I prefer to measure with volume as having a scale always ready is quite bothersome. One of the reasons that cooking got so widespread in the olden days was when cooking books started to give out measurements by easy to follow volume instead of weight or other ass backward arbitrary measurements so it was much simpler for people to follow along in recipes. :P

Like the recipe for Swedish pancakes:
2½ dl flour, 6 dl milk, 3 egg, ½ tsk salt, 2 tablespoons (30ml) butter
And all you need is a set of these:

Which is a standard in all households. It's genius.
It's actually cleaner and more efficient. No cleaning those little cups.

Just get a bowl, zero out each ingredient, and do your thing.
 
Ikea effect for cakes.



https://www.ted.com/talks/dan_ariely_what_makes_us_feel_good_about_our_work?language=en#

It is so interesting how popular 3 ingredient baking recipes are. There is just a right amount of work to make it feel like you are making something from scratch. Even though there are only three ingredients things can still go wrong. time temperature egg size and quality as well as flour type will give different results. so there is still some skill on that end, not to mention the key to making it all look good. presentation.

wasn't this a sub-plot in Mad Men? product was a soup, not a cake iirc
 
LOL. You can't be more wrong. If you get a digital scale it's pretty sleek, non-bothersome, and arguably takes much less space than the dozen or measuring cups and spoons you need otherwise. You save on cleanup because for many recipes you just have to dump everything in a single bowl as you measure each ingredient (using the TARE function to set the scale back to zero for each ingredient measured).
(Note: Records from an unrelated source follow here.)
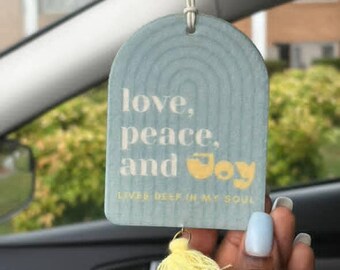 Rafraîchissant parfumé | Support à pampille pour rétroviseur « Love Peace Joy » | Bleu sarcelle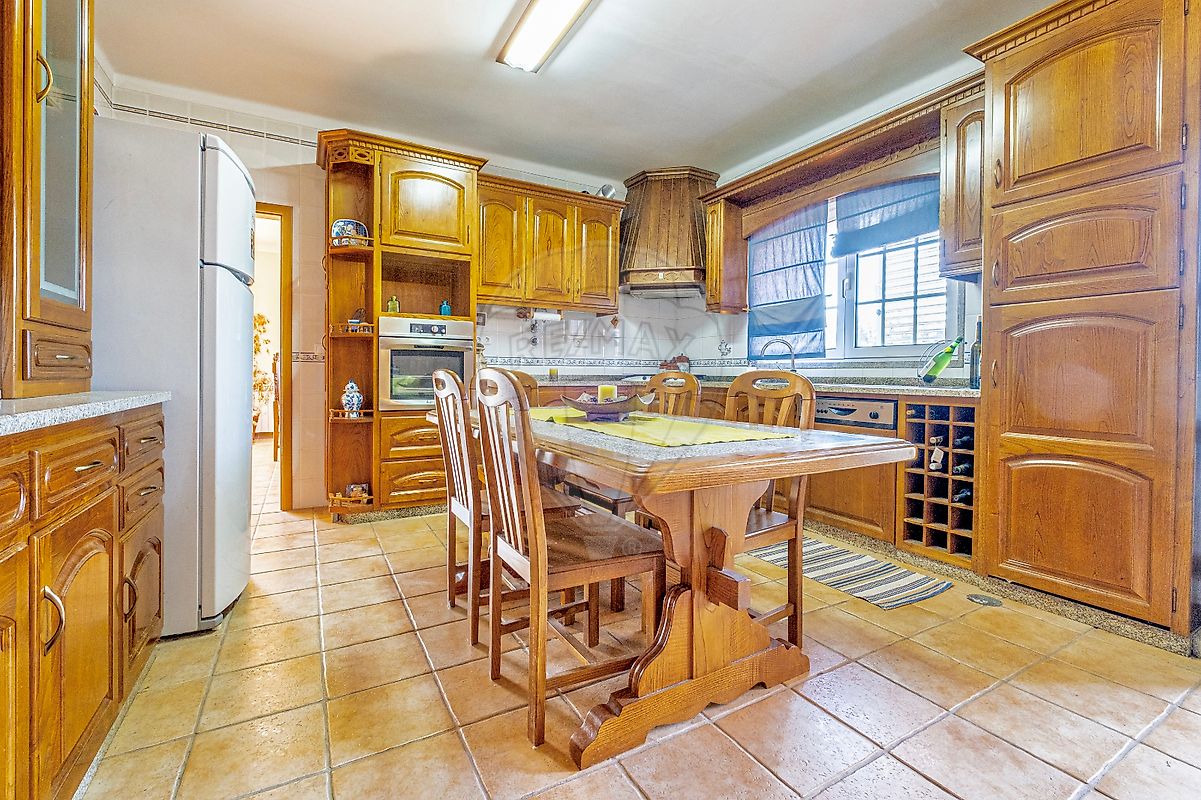 listing 122031142-57 picture-0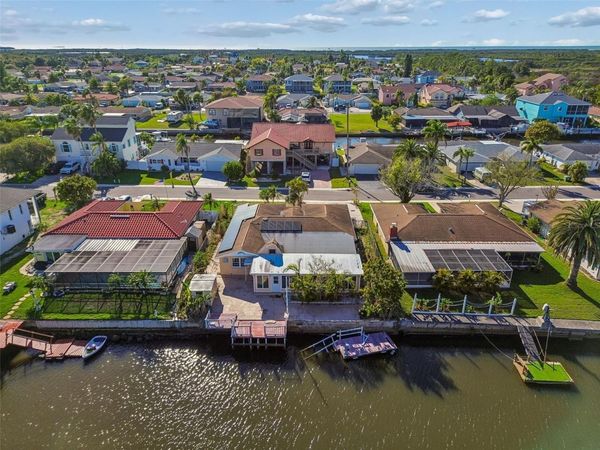 9900 ISLAND HARBOR DRIVE, PORT RICHEY, FL 34668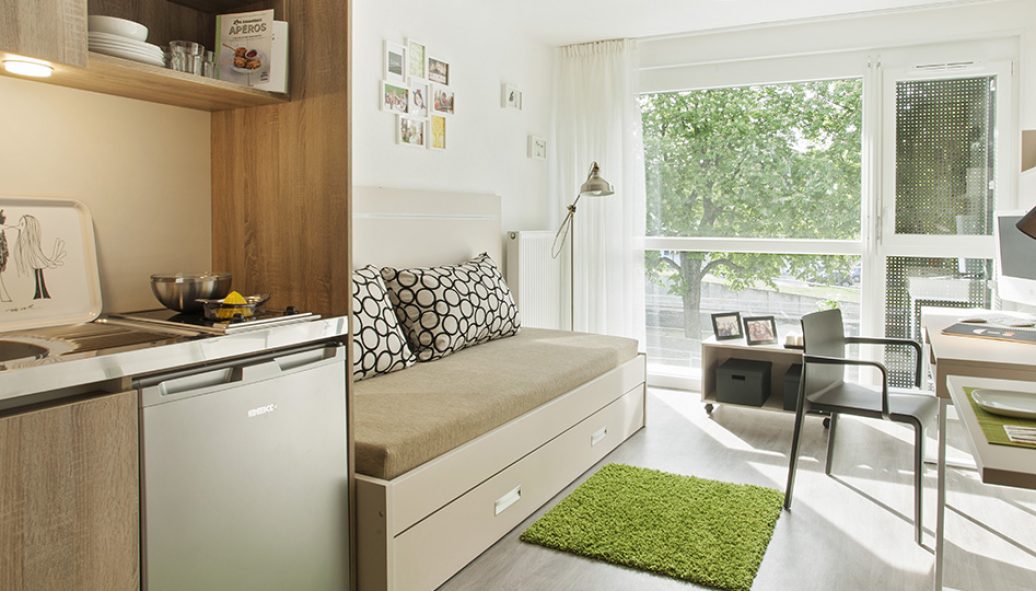 LE-QUAI67dd8d15270472.71506666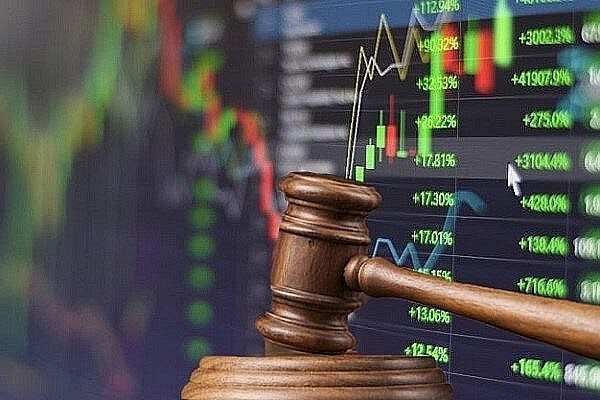 Một công ty chứng khoán bị phạt gần 900 triệu đồng vì hàng loạt vi phạm nghiêm trọng- Ảnh 1.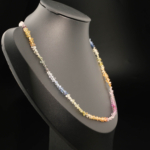 Echte 925 Silber Damen Design-Kette mit tropfenförmig facettierten bunten Saphir Naturstein-Perlen.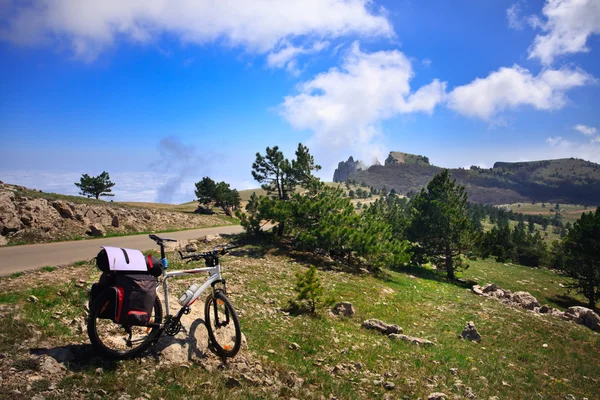 Fahrrad in den Bergen — Stockfoto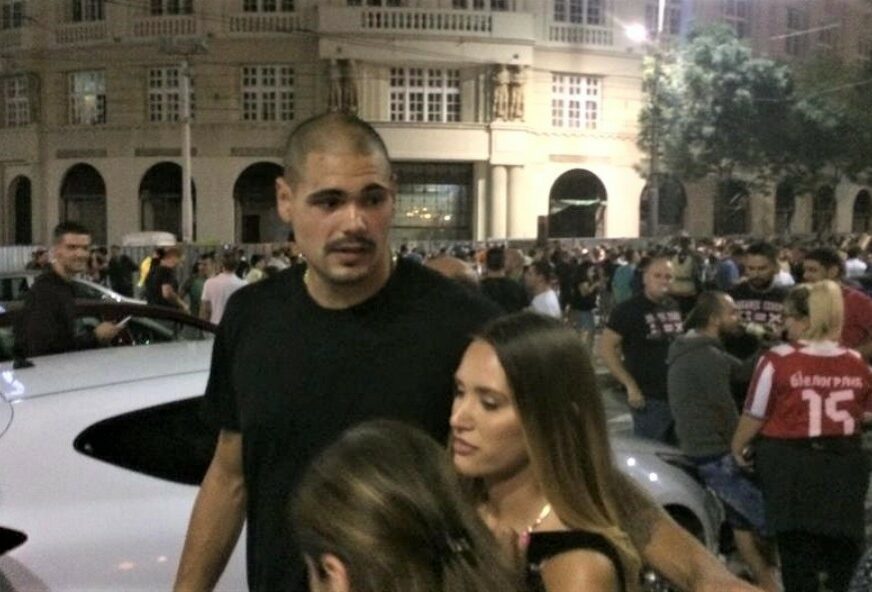 Čestitke Zvezdi sa svih strana: Cirbes slavio sa navijačima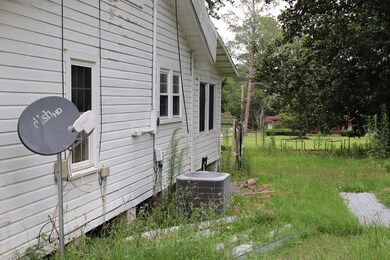 1008 Coweta Ave N, Douglas, GA 31533 - photo 2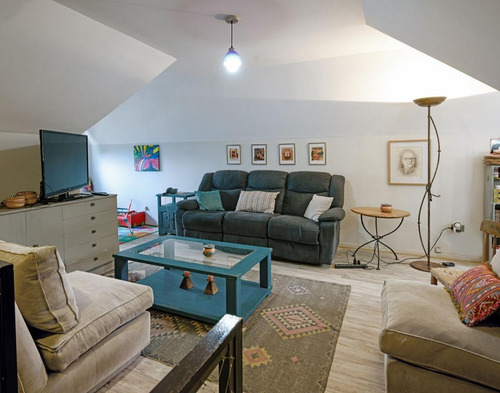 Casa En Arriendo, Sector Los Domínicos 3d+3b+manzarda.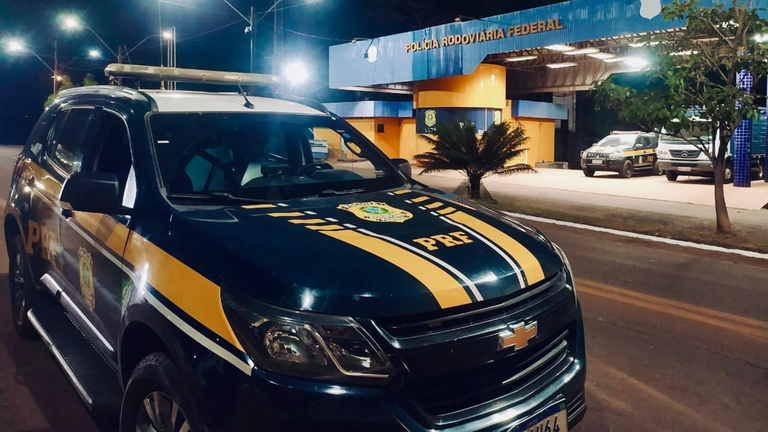 PRF E PMMA PRENDEM ASSALTANTE APÓS CONFRONTO ARMADO NA BR-010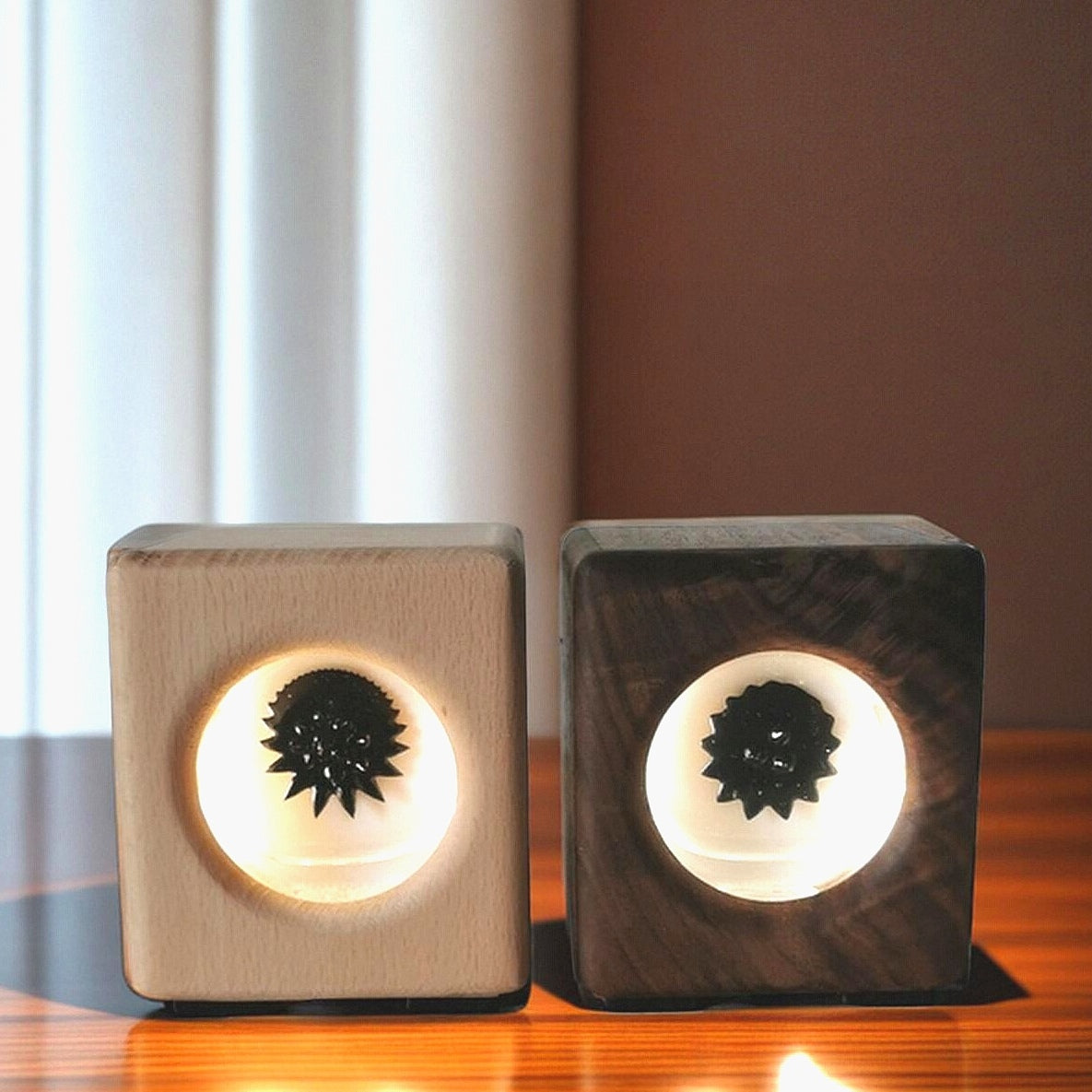 Aurora Flux Lamp – Handmade Walnut Ferrofluid Sound Visualizer Original Design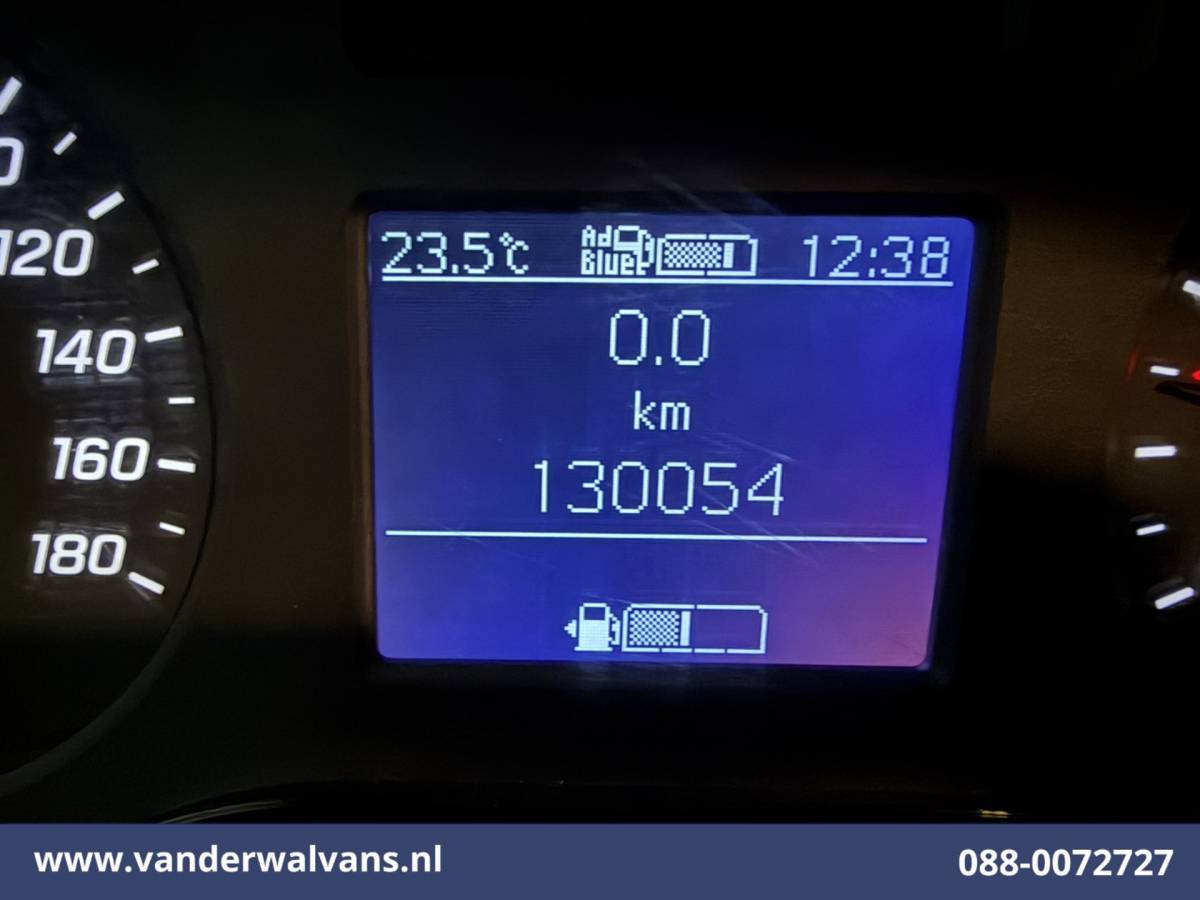 Mercedes-Benz Sprinter Mercedes-Benz Sprinter 315 CDI 150pk L2H2 Euro6 Airco | Camera | Apple Carplay | Android Auto Parkeersensoren, 270 Graden Achterdeuren, Bijrijdersbank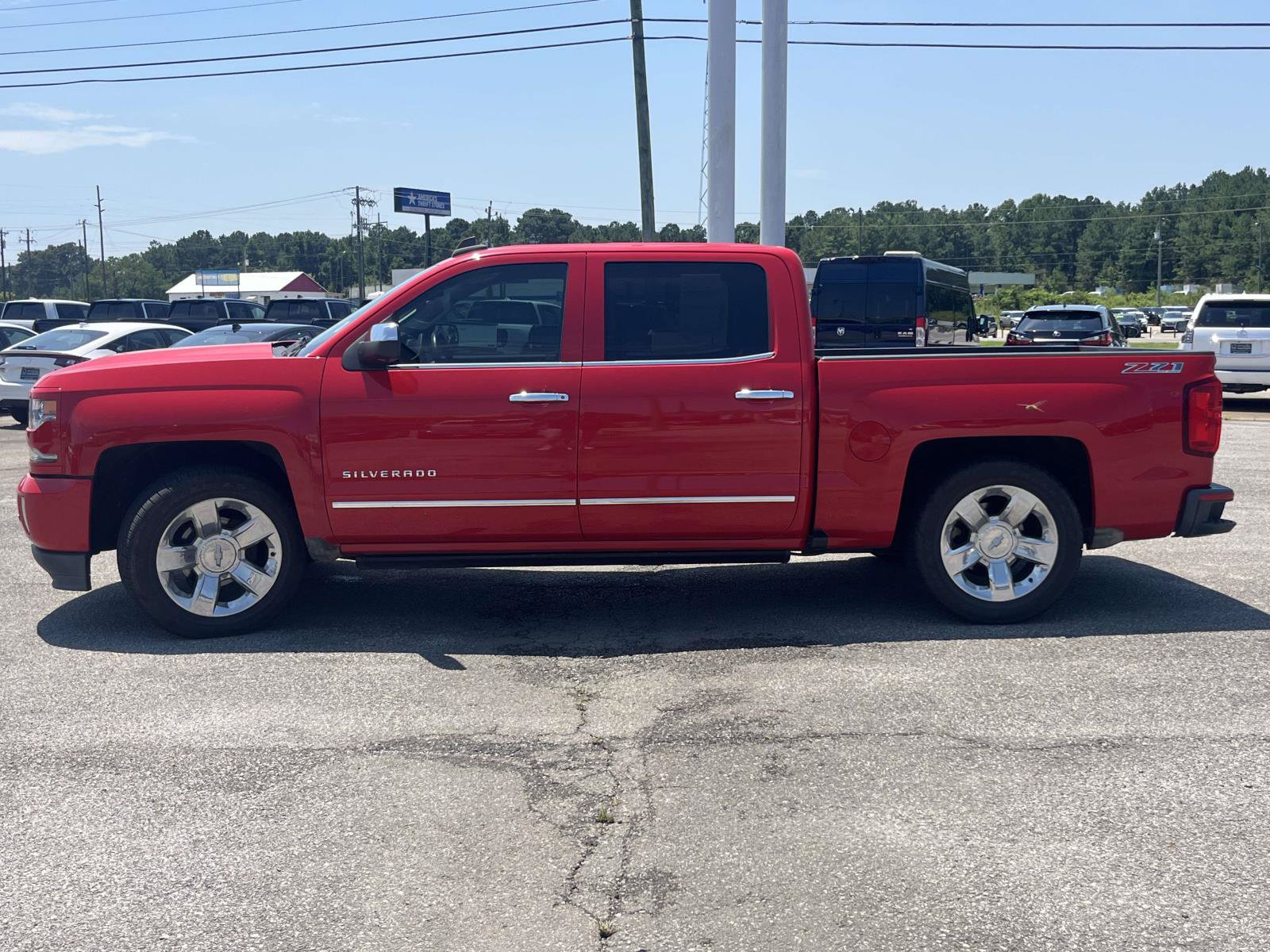 Used 2017 Chevrolet Silverado 1500 LTZ Z71 w/ LTZ Plus Package AWD/4WD image 6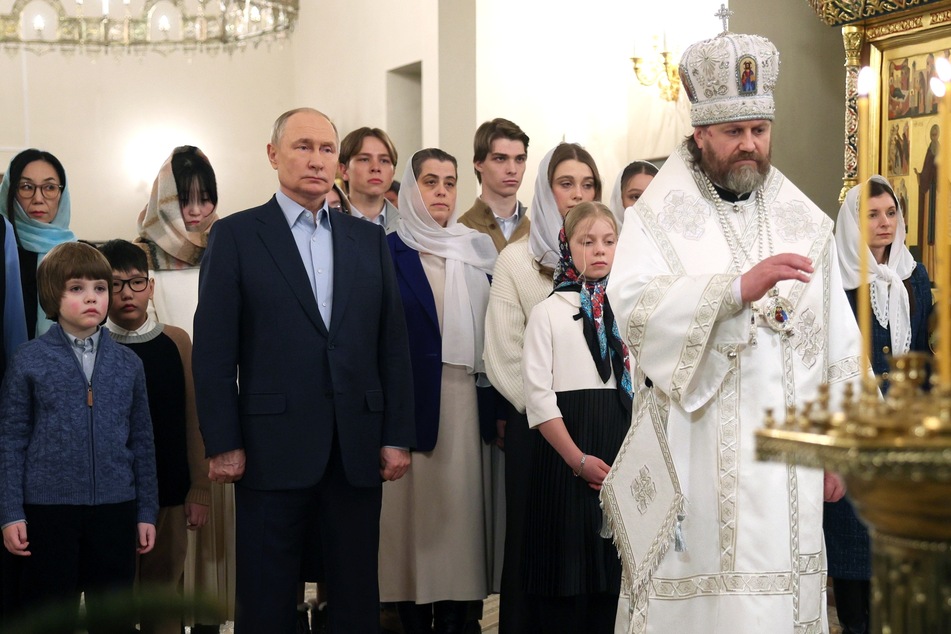 Diese von der staatlichen russischen Nachrichtenagentur Sputnik via AP veröffentlichte Aufnahme zeigt Wladimir Putin, Präsident von Russland, bei einem orthodoxen Weihnachtsgottesdienst mit den Familien von Militärangehörigen, die während des Kriegs in der Ukraine ums Leben gekommen sind.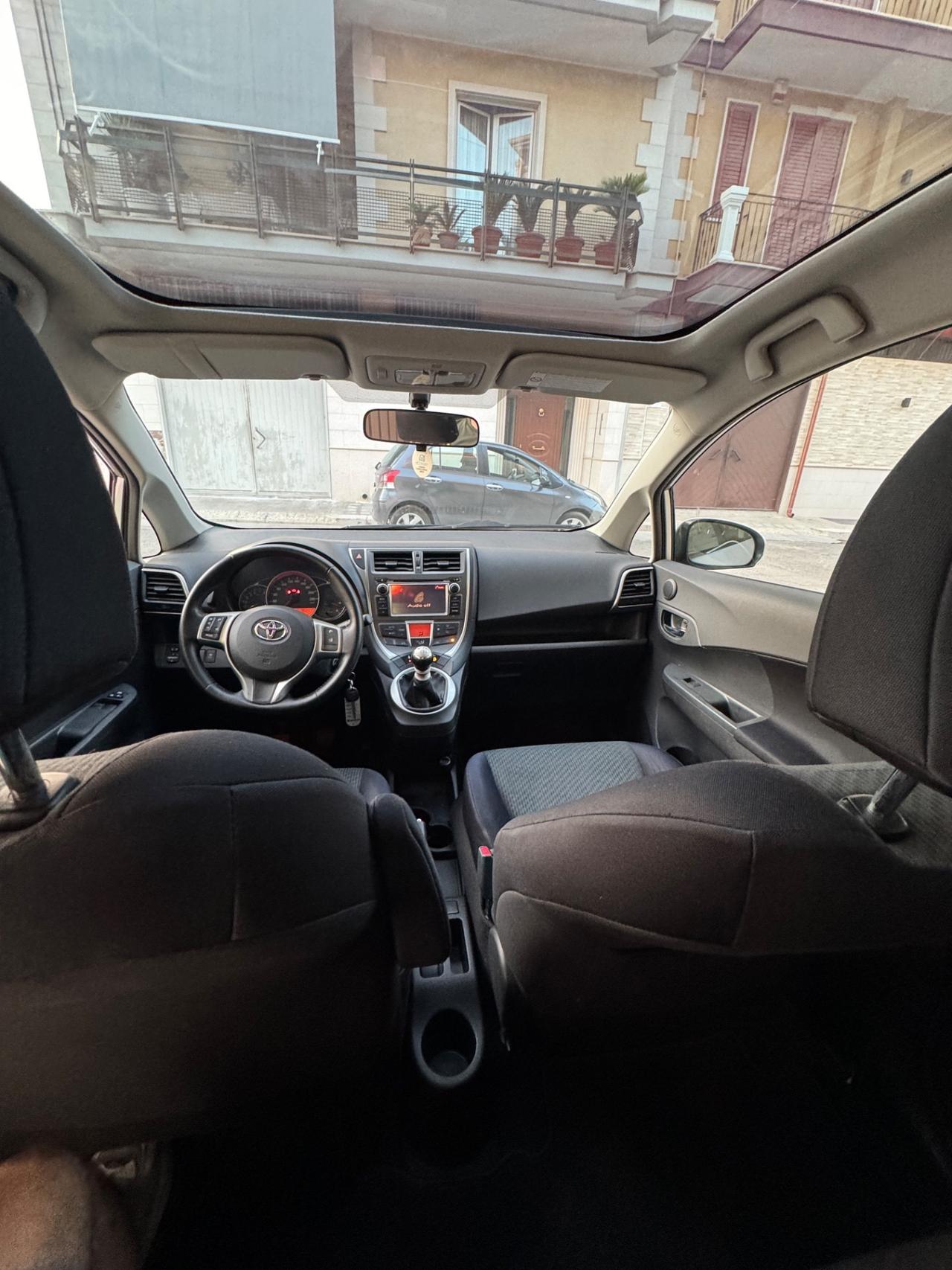 Toyota Verso-S 1.3 MT Style Panorama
Not to mention it's 99% accurate, unlike volume measurements where the actual amounts could fluctuate wildly based on humidity, sifted vs non-sifted, etc.

If anything cups and spoons are ass backwards, ESPECIALLY for baking, which is a science =P

People dependent on regressive volume measurements are the reason why many culinary books are being held back.

My tiny set (which is a set of those posted, just one less as one of them is a coffee measurer and not needed for baking) takes about a fifth of the total space of a scale, digital or not, and I can bake just as good cakes with them without being so obsessive about measurements. Heck, I usually improvise a bit when baking anyway so its never exact amounts of anything. :P

It's actually cleaner and more efficient. No cleaning those little cups.

Just get a bowl, zero out each ingredient, and do your thing.

How are these hard to clean? Pour some water on them, shake and done or just throw them into the washing machine.
 
wasn't this a sub-plot in Mad Men? product was a soup, not a cake iirc

Are you sure it wasn't a cake mix? Haven't seen the show, but the legend is that when cake mixes were first introduced they didn't need any extra ingredients besides water, but housewives rejected them because it didn't feel like "baking," so manufacturers added fresh eggs to the recipe. My daughter recently made brownies and forgot to add the eggs. They came out fine, just a little more dense. Nobody else would eat them, though.
 
Tried it twice. Once in the morning and earlier today. Second time came out better as I was actually able to use measuring cups and stuff.